┌─ PROVIDED DATA

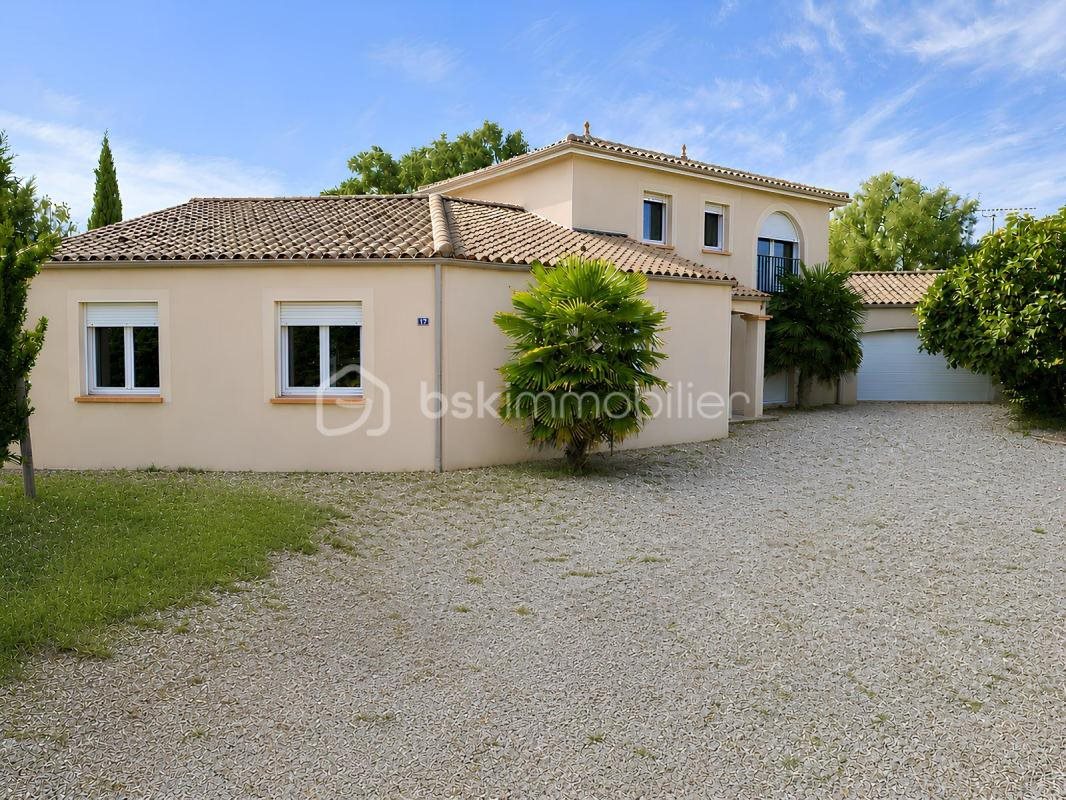 Maison à vendre, 151m², Chauché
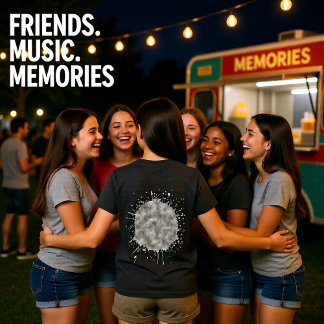 Palesong Tri-Blend Shirt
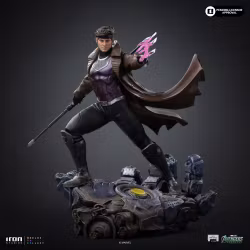 Avengers: Doomsday Gambit 1/10 Art Scale Statue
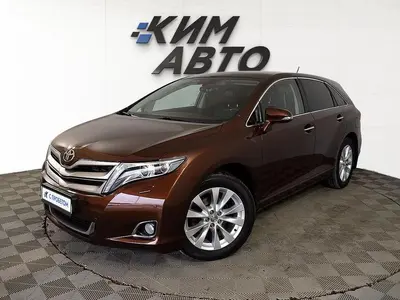 Toyota Venza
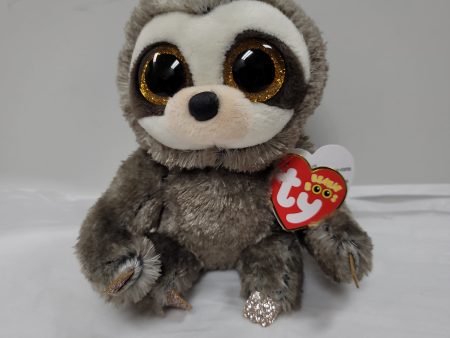 DANGLER SLOTH BEANIE BOO-2158 Supply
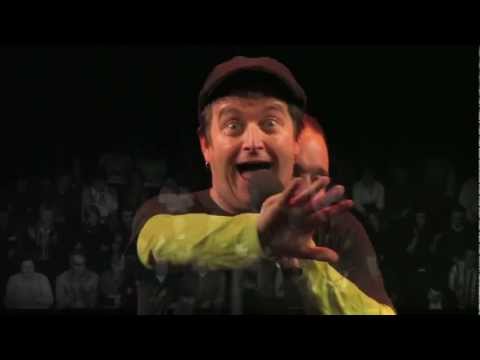 Füenf: Gute alte Zeit (live)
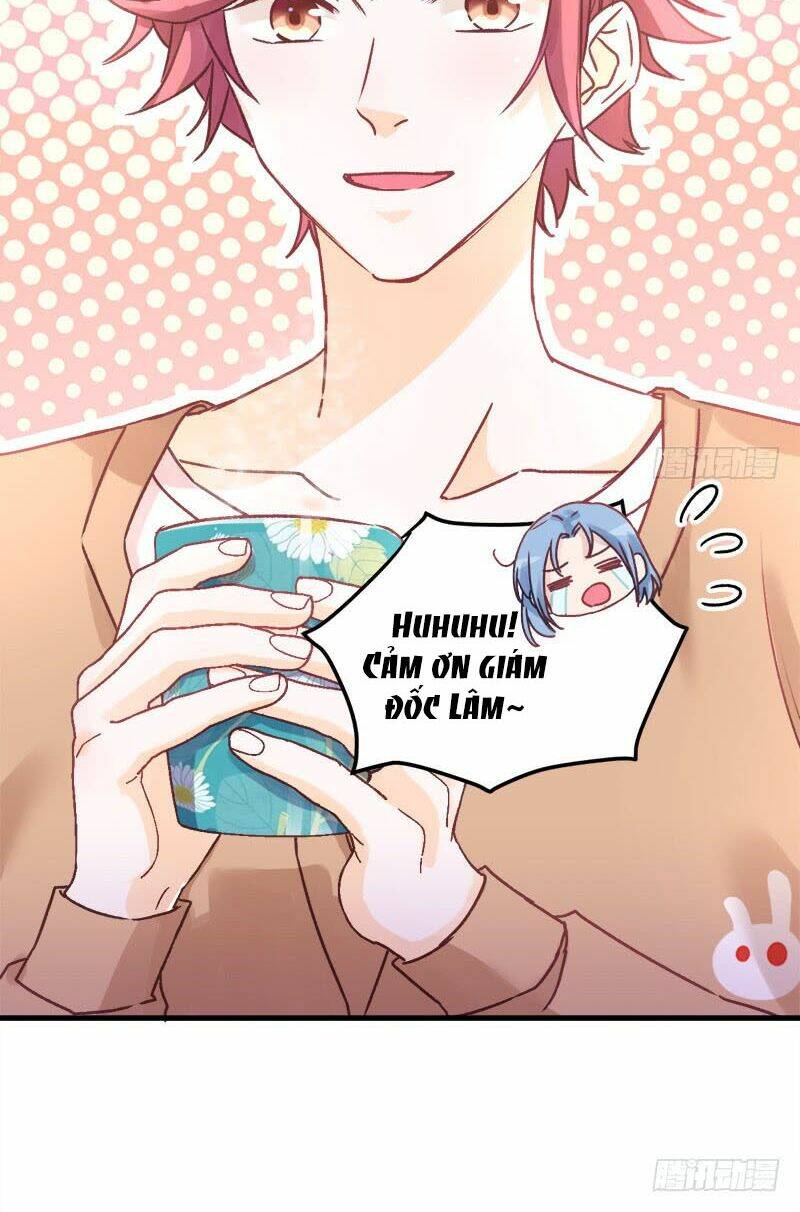 sở thích đặc biệt của nam thần chapter 5 17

└─

• WHAT YOU NEED TO DO: Pictures in the records must not appear in the copy; transcribe everything else precisely.

• OUTPUT FOR THIS TASK:
 Maison à vendre, 151m², Chauché
 Palesong Tri-Blend Shirt
 Avengers: Doomsday Gambit 1/10 Art Scale Statue
 Toyota Venza
 DANGLER SLOTH BEANIE BOO-2158 Supply
 Füenf: Gute alte Zeit (live)
 sở thích đặc biệt của nam thần chapter 5 17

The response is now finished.